Argh. What to think, what to think? It was a long speech that boils down to 30,000 additional troops going to Afghanistan with the goal of stabilizing the country within 18 months and then leaving the former factional warlord-and-druglord driven shithole of corruption as a shiny new intact unified nation with a nice new transparent government and equal rights for women and people who can read and a marked lack of support for Taliban and roses instead of poppies.

No word as yet on where Obama plans to find the pod people for the replacements that will be necessary for this to work.
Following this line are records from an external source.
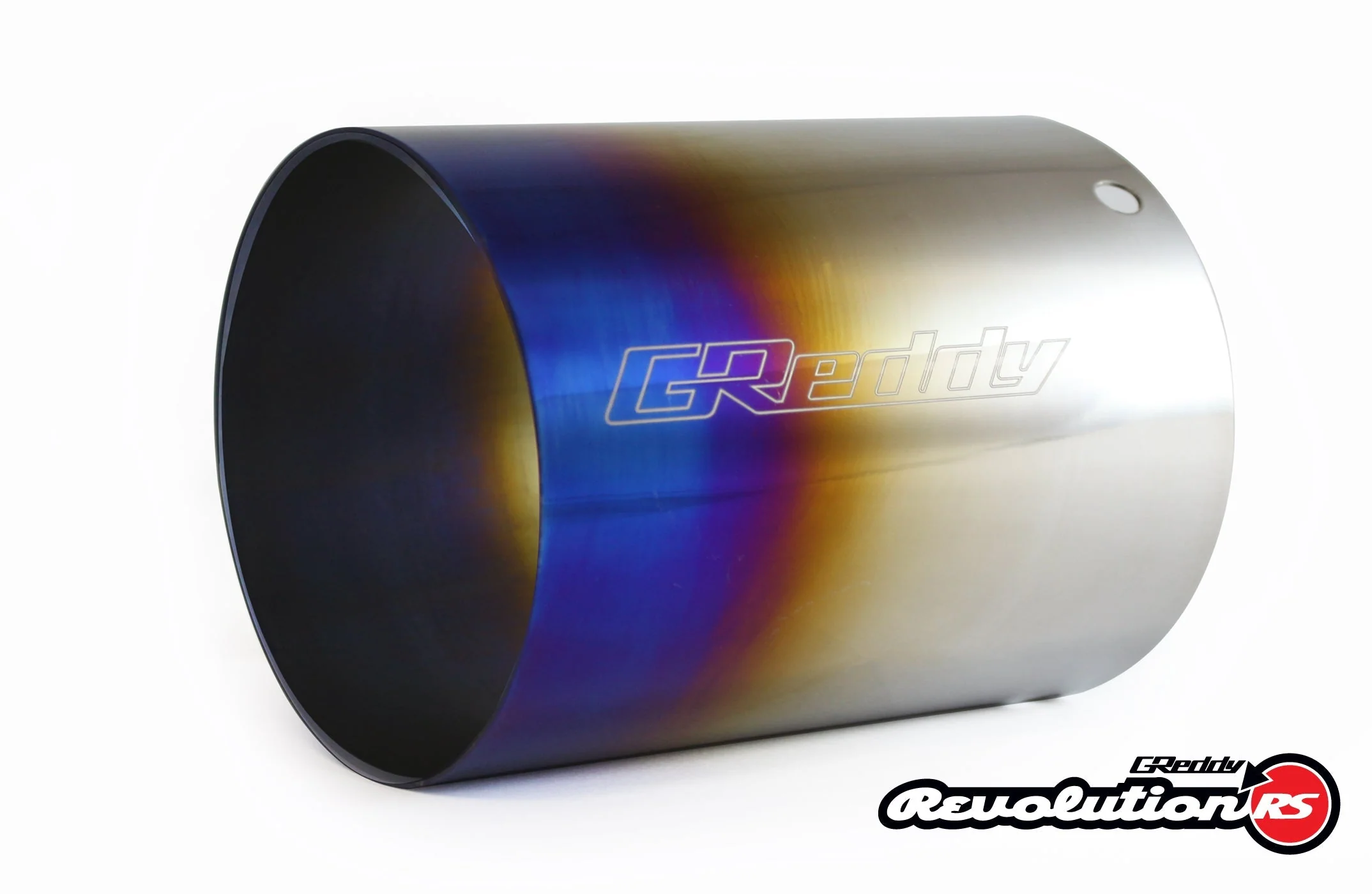Optional Revolution RS Titanium Tip(s) 105mm Dia. - Image 2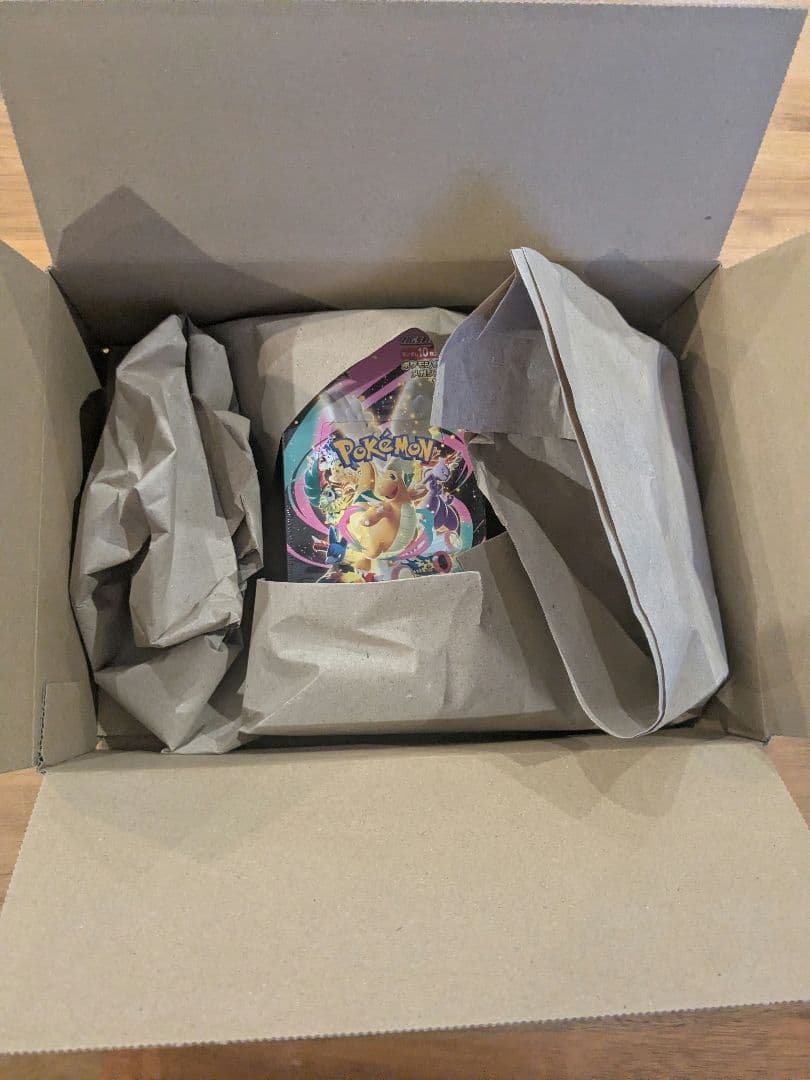 【シュリンク付き】ポケモンカード　ハイクラスパック　MEGA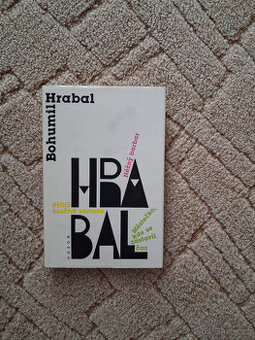 Prodám od  Bohumila Hrabala Něžný barbar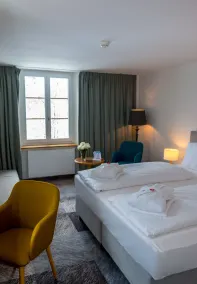 Thermalhotel De France - Chambre
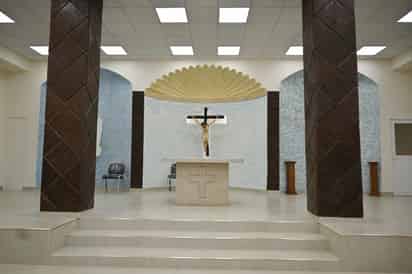 Entregan templo renovado a comunidad de la colonia 18 de Julio en Lerdo
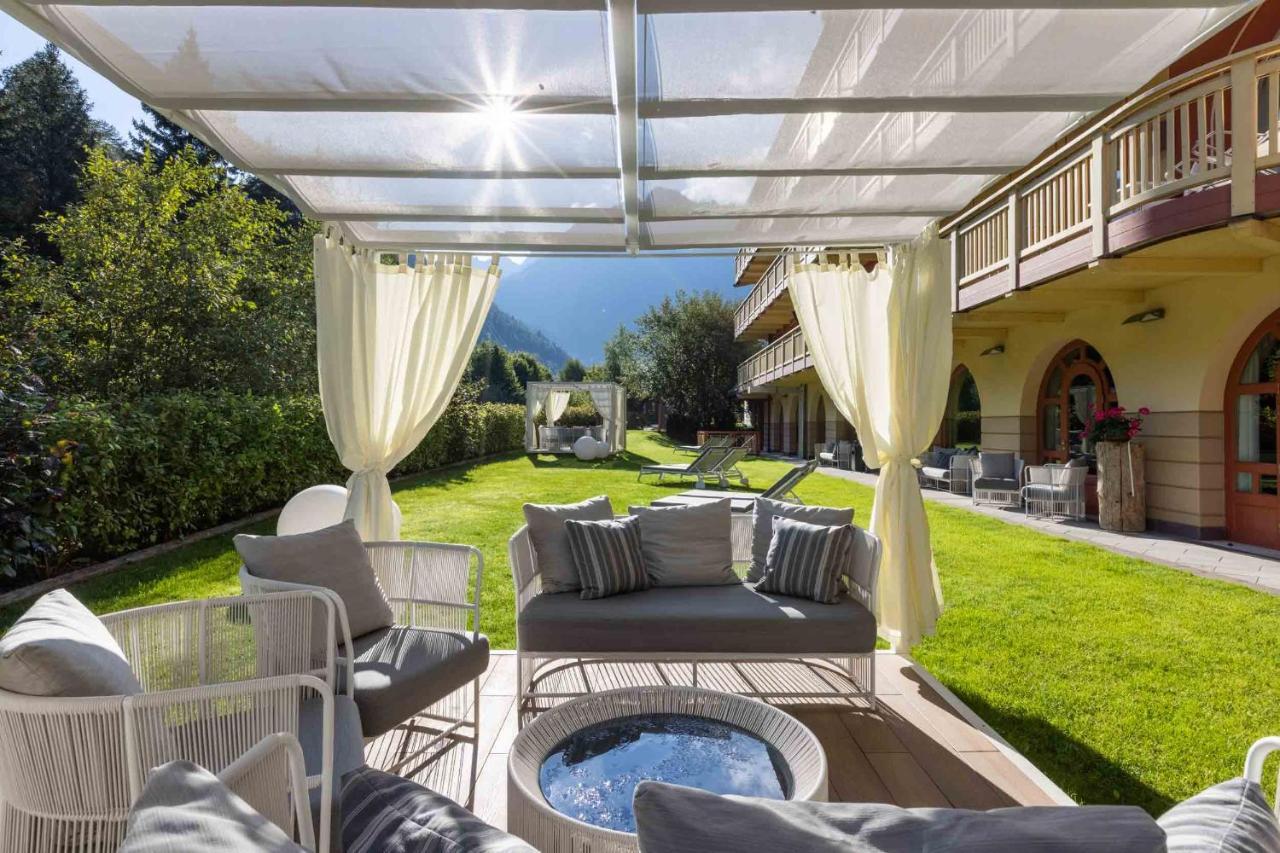 Residence Club Ponte Di Legno Buitenkant foto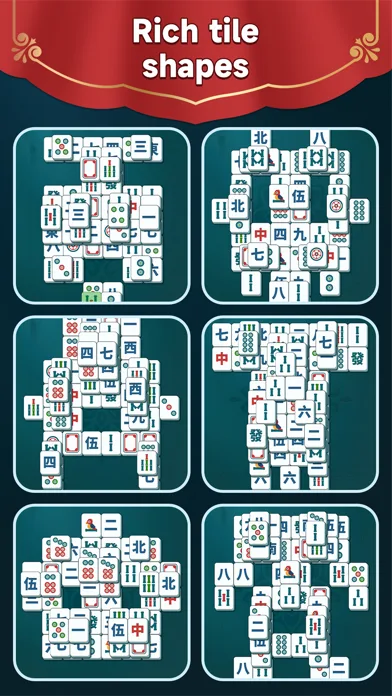 Mahjong Solitaire: Match Game screenshot 5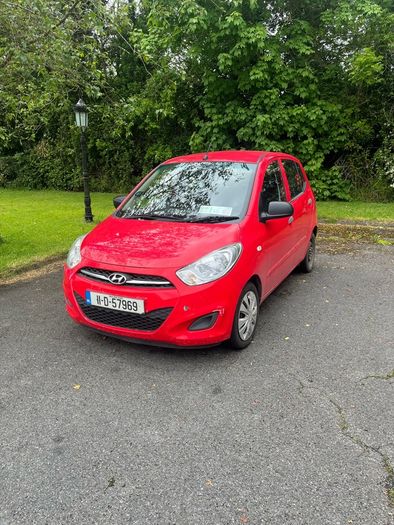 2011 Hyundai I10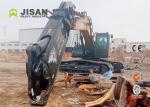Demolition Hydraulic Shear Hydraulic Excavator Scrap Metal Shear For Frozen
I am torn here. The Afghanistan adventure was doomed from the outset when Rumsfeld and his ilk decided to go in on an economy plan that was light on troops and heavy on cash payments to bribe warlords, tribal leaders, and drug dealers, with an exterminator's mindset rather than a community organizer's. The NATO alliance failed to focus on infrastructure building and thus failed to address the underlying issues creating the climate that made the Taliban such an attractive option to the populace in the first place, and whose resolution would have eliminated the conditions that allowed the Taliban to maintain a stranglehold on the people when they replaced the original despair with a newer, Sharia version of misery.

If you have not yet picked up Ahmed Rashid's Descent into Chaos: The U.S. and the Disaster in Pakistan, Afghanistan, and Central Asia, please do so now and spend the next week reading it, as well as hoping fervently that either Obama or someone with his ear has done the same. Eighteen months to undo decades of pure chaos and malfeasance? I hope it works. Without a parallel level of effort, money, and manpower on the part of just about every country in NATO, directed as much at infrastructure and civil affairs as military objectives, I'm not sure how this happens in eighteen months, if at all.